I’m going to share a story with you about how the company I work for actually started, before it was a proper SaaS.
Not the founder, not the dev. I work close to product and growth at a SaaS that turns Google Maps into usable lead lists. Seeing the "behind the scenes" here has been a serious reality check.
Before there was an automated platform, the founders were coming off a failed project. They were burned out from building features that looked great on paper but didn't sell. So for this new idea, they made a simple rule: Don’t code. Just sell.
For the first few months, the product was just a manual service. They found people who needed local business data, and when someone asked for a list, they ran scripts manually on a laptop. They cleaned the Excel files by hand, line by line, and sent them via email with a simple PayPal invoice.
It sounds counter-intuitive for a tech company, but this manual grind is exactly what saved the business. If the data was wrong, the customer complained instantly. They didn't need to analyze user behavior to know what was broken, they felt it in the inbox. It also proved that people weren't paying for a slick tool, they were paying for the result. If a customer is willing to wait 24 hours for a manual email, you know you have a real business.

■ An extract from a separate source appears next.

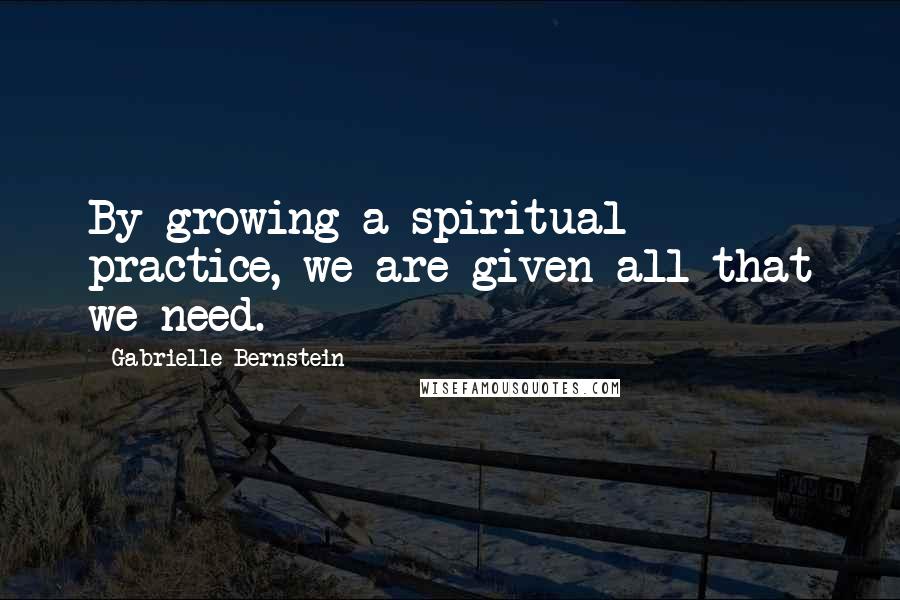 Gabrielle Bernstein Quotes: By growing a spiritual practice, we are given all that we need.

Plus, those early sales literally funded the first months of actual development.
The automated dashboard was only built once the manual work became physically impossible to handle.
The lesson from inside the machine is clear: The SaaS was built to scale a solution that already worked, not to try and find a problem with a shiny UI. If what you’re doing right now feels ugly, slow, and unscalable, you’re probably exactly where you need to be.